Turning now to FIG. 4C, if the “no” branch is followed from block 404 of FIG. 4A, at decision block 432 the SLS platform 115 determines if the call was directed to a relationship number. Notably, if the call is directed to a relationship number, then it must have originated from a subscriber TD 110. If the call was not directed to a relationship number, the “no” branch is followed to block 442 of FIG. 4D. If, however, the call was routed to the SLS platform 115 because it was directed to a relationship number then the “yes” branch is followed to block 434.

At block 434, the central SLS database 116 is queried for the third party TD 120's phone number in combination with the relationship number that was dialed by subscriber TD 110 that resulted in the call routing to the SLS platform 115 and the SLS phone number and the SLS subscriber's primary phone number. At block 436, the SLS platform 115 determines the third party TD 120's phone number with which the relationship number and the SLS subscriber's primary phone number combination is associated.
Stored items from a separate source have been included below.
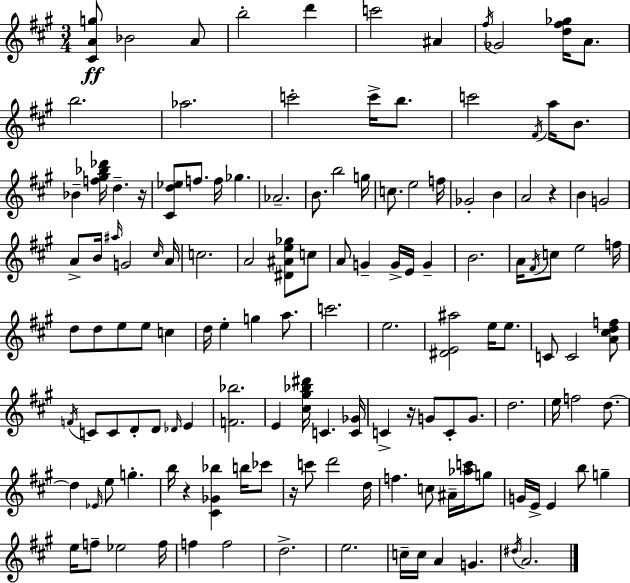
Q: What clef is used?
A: treble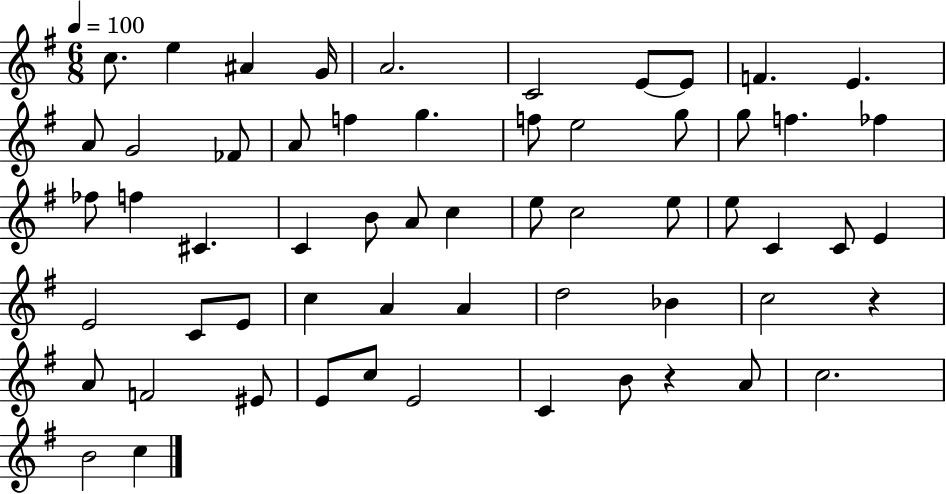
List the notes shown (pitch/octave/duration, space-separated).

C5/e. E5/q A#4/q G4/s A4/h. C4/h E4/e E4/e F4/q. E4/q. A4/e G4/h FES4/e A4/e F5/q G5/q. F5/e E5/h G5/e G5/e F5/q. FES5/q FES5/e F5/q C#4/q. C4/q B4/e A4/e C5/q E5/e C5/h E5/e E5/e C4/q C4/e E4/q E4/h C4/e E4/e C5/q A4/q A4/q D5/h Bb4/q C5/h R/q A4/e F4/h EIS4/e E4/e C5/e E4/h C4/q B4/e R/q A4/e C5/h. B4/h C5/q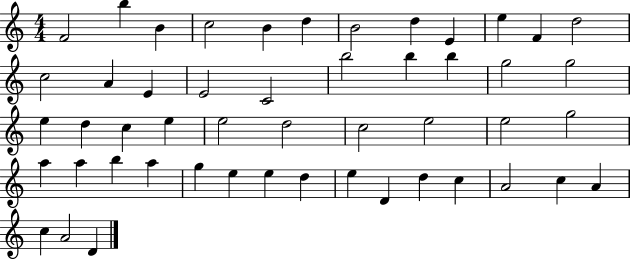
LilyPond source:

{
  \clef treble
  \numericTimeSignature
  \time 4/4
  \key c \major
  f'2 b''4 b'4 | c''2 b'4 d''4 | b'2 d''4 e'4 | e''4 f'4 d''2 | \break c''2 a'4 e'4 | e'2 c'2 | b''2 b''4 b''4 | g''2 g''2 | \break e''4 d''4 c''4 e''4 | e''2 d''2 | c''2 e''2 | e''2 g''2 | \break a''4 a''4 b''4 a''4 | g''4 e''4 e''4 d''4 | e''4 d'4 d''4 c''4 | a'2 c''4 a'4 | \break c''4 a'2 d'4 | \bar "|."
}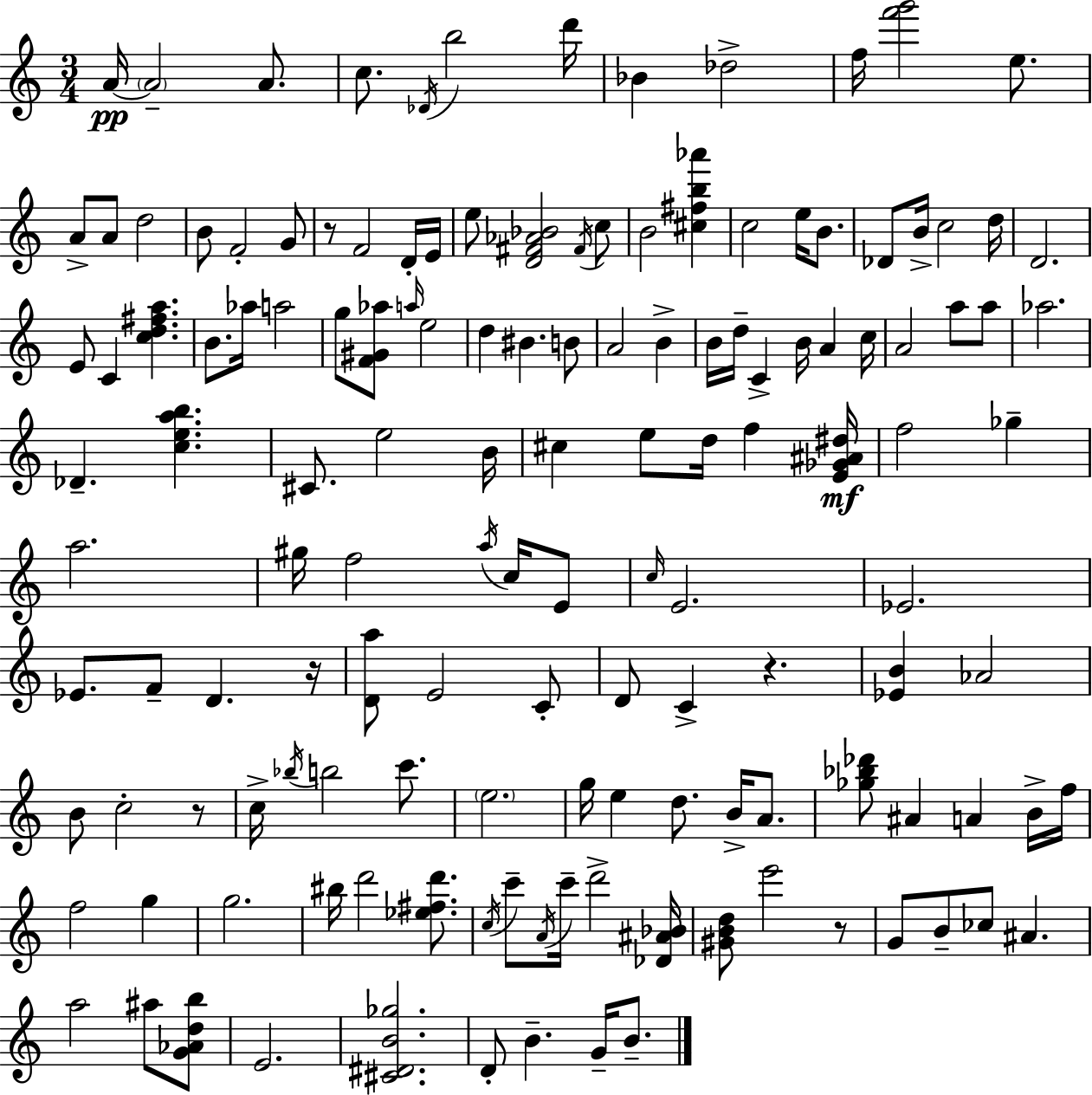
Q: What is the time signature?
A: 3/4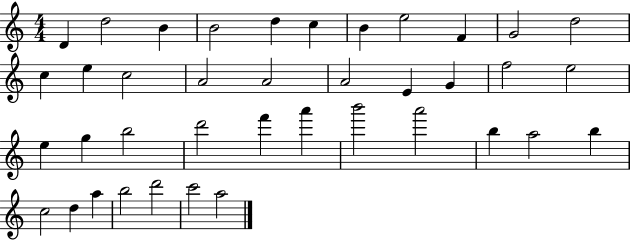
{
  \clef treble
  \numericTimeSignature
  \time 4/4
  \key c \major
  d'4 d''2 b'4 | b'2 d''4 c''4 | b'4 e''2 f'4 | g'2 d''2 | \break c''4 e''4 c''2 | a'2 a'2 | a'2 e'4 g'4 | f''2 e''2 | \break e''4 g''4 b''2 | d'''2 f'''4 a'''4 | b'''2 a'''2 | b''4 a''2 b''4 | \break c''2 d''4 a''4 | b''2 d'''2 | c'''2 a''2 | \bar "|."
}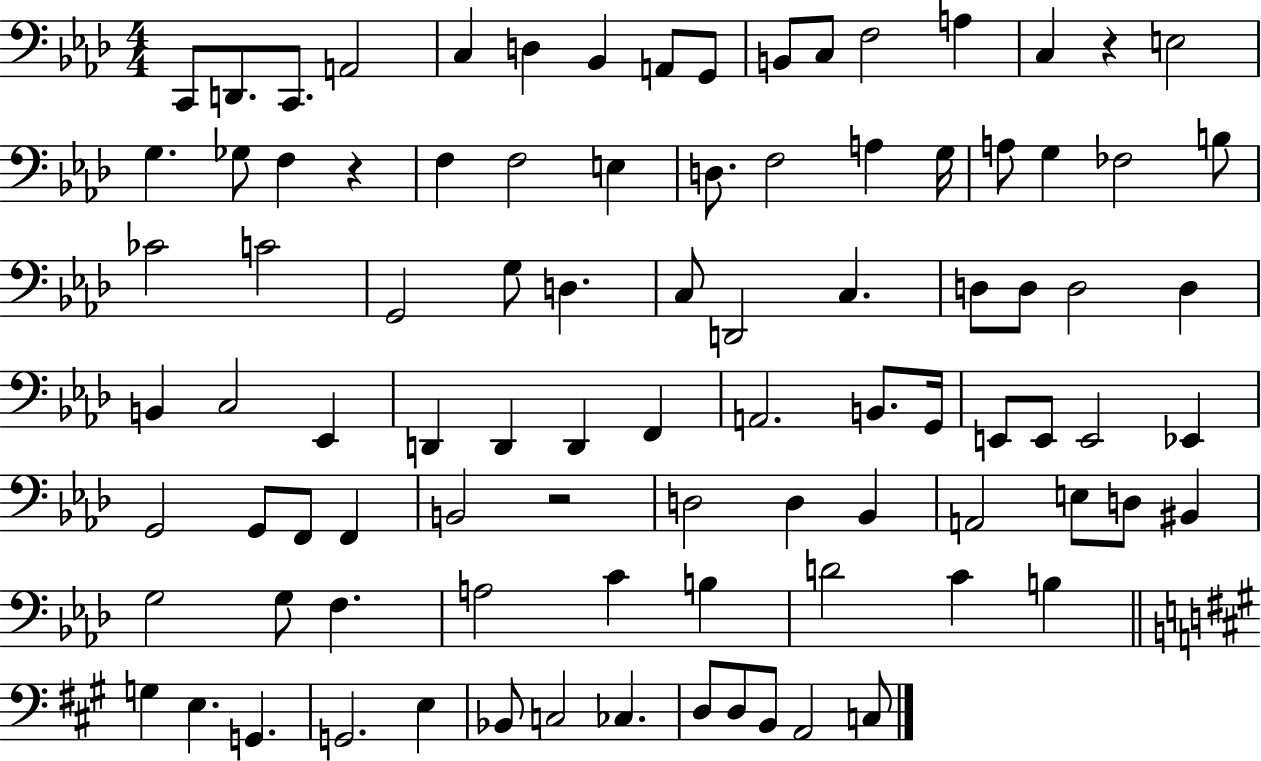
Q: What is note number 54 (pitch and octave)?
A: E2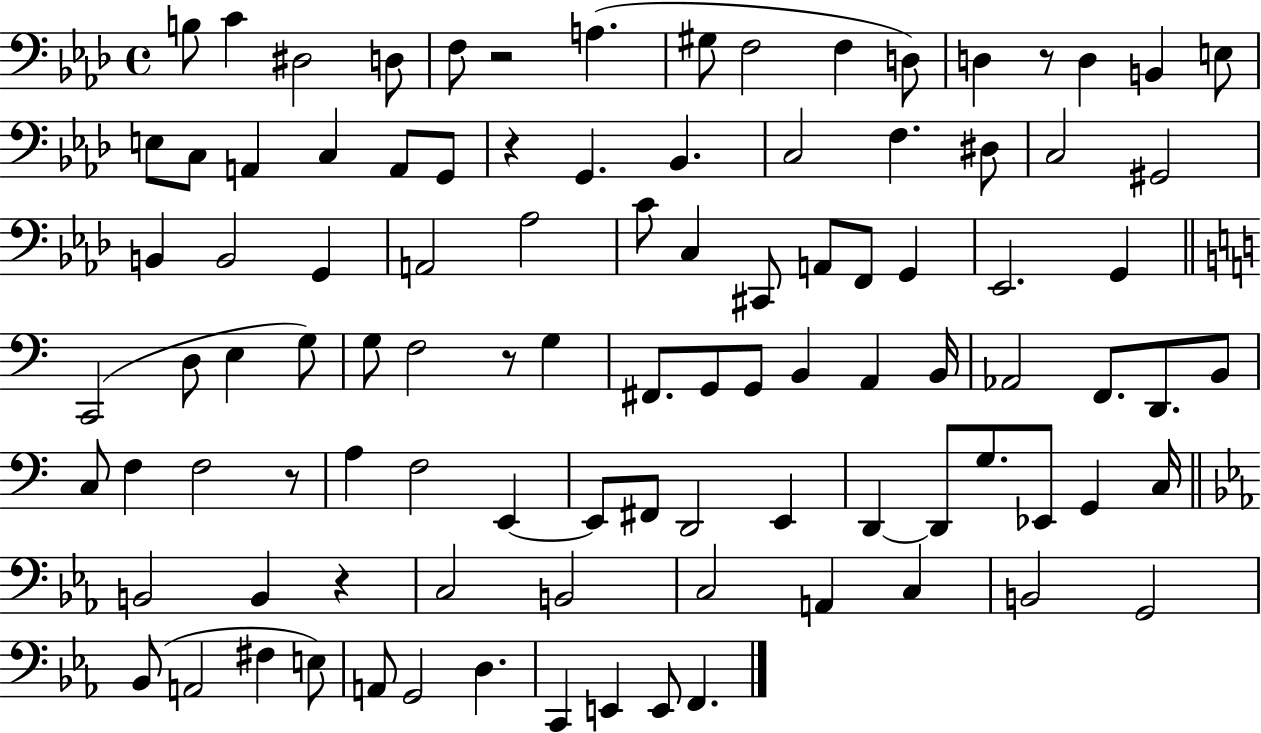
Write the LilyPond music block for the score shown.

{
  \clef bass
  \time 4/4
  \defaultTimeSignature
  \key aes \major
  b8 c'4 dis2 d8 | f8 r2 a4.( | gis8 f2 f4 d8) | d4 r8 d4 b,4 e8 | \break e8 c8 a,4 c4 a,8 g,8 | r4 g,4. bes,4. | c2 f4. dis8 | c2 gis,2 | \break b,4 b,2 g,4 | a,2 aes2 | c'8 c4 cis,8 a,8 f,8 g,4 | ees,2. g,4 | \break \bar "||" \break \key a \minor c,2( d8 e4 g8) | g8 f2 r8 g4 | fis,8. g,8 g,8 b,4 a,4 b,16 | aes,2 f,8. d,8. b,8 | \break c8 f4 f2 r8 | a4 f2 e,4~~ | e,8 fis,8 d,2 e,4 | d,4~~ d,8 g8. ees,8 g,4 c16 | \break \bar "||" \break \key ees \major b,2 b,4 r4 | c2 b,2 | c2 a,4 c4 | b,2 g,2 | \break bes,8( a,2 fis4 e8) | a,8 g,2 d4. | c,4 e,4 e,8 f,4. | \bar "|."
}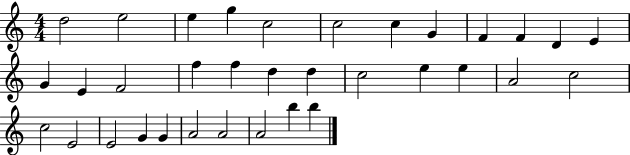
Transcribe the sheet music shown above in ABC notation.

X:1
T:Untitled
M:4/4
L:1/4
K:C
d2 e2 e g c2 c2 c G F F D E G E F2 f f d d c2 e e A2 c2 c2 E2 E2 G G A2 A2 A2 b b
At block 438, a call is established between the SLS platform 115 and the third party TD 120. In some non-limiting embodiments of block 438, the SLS platform 115 initiates the call through the communication network 125's voice channel with the third party TD 120 by dialing the third party TD 120's phone number determined in block 436. In some non-limiting embodiments of block 438, the SLS platform 115 may populate the CLID field of the call between it and the third party TD 120 with the SLS phone number of subscriber TD 110. In other non-limiting embodiments of block 438, the SLS platform 115 may populate the CLID field of the call between it and the third party TD 120 with the primary phone number of subscriber TD 110.

At block 440, the call from block 402 is bridged with the call from block 438 resulting in an active call between subscriber TD 110 and third party TD 120. One of ordinary skill in the art will recognize that there are many systems and methods known and understood for bridging or connecting a plurality of separate calls (the legs of the SLS); consequently, this disclosure is not limited by the used example “bridged.” It is envisioned that, if the third party elects not to answer a call to it from SLS, the SLS platform 115 in some non-limiting embodiments may continue the bridge even when the call from block 438 is routed to its voicemail service or message service.

Turning now to FIG. 4D, if the “no” branch is followed from block 432 of FIG. 4C, at decision block 442 the SLS platform 115 determines that the communication is a data communication over communications network 125 that originated from an SLS client of a subscriber TD 110. If not, then it is assumed that it was an errant communication and the “no” branch is followed to block 444 and the communication is disconnected. If the communication did originate from a SLS client, i.e., an SLS module 105 in a subscriber TD 110 associated with a subscriber to the SLS service, then the “yes” branch is followed to block 446. It is envisioned that the communication from an SLS client application to an SLS platform may be of any protocol suitable for communicating over communications network 125 including the use of protocols and standards such as, but not limited to, SS7 protocol suite, SIP, CAMEL or CAP, ROSE, VOIP, etc.

At block 446, it is deduced by the SLS platform 115 that the subscriber associated with the calling SLS client desires to use the SLS service to call third party TD 120's phone number with which no relationship number has been previously associated (such as would occur at block 410). The SLS module 105 has provided the request for the new relationship number, along with the third party number it desires to call, to the SLS platform 115 via the data communication. The central SLS database 116 is queried at block 446 to determine the next available relationship number for the subscriber's given SLS phone number.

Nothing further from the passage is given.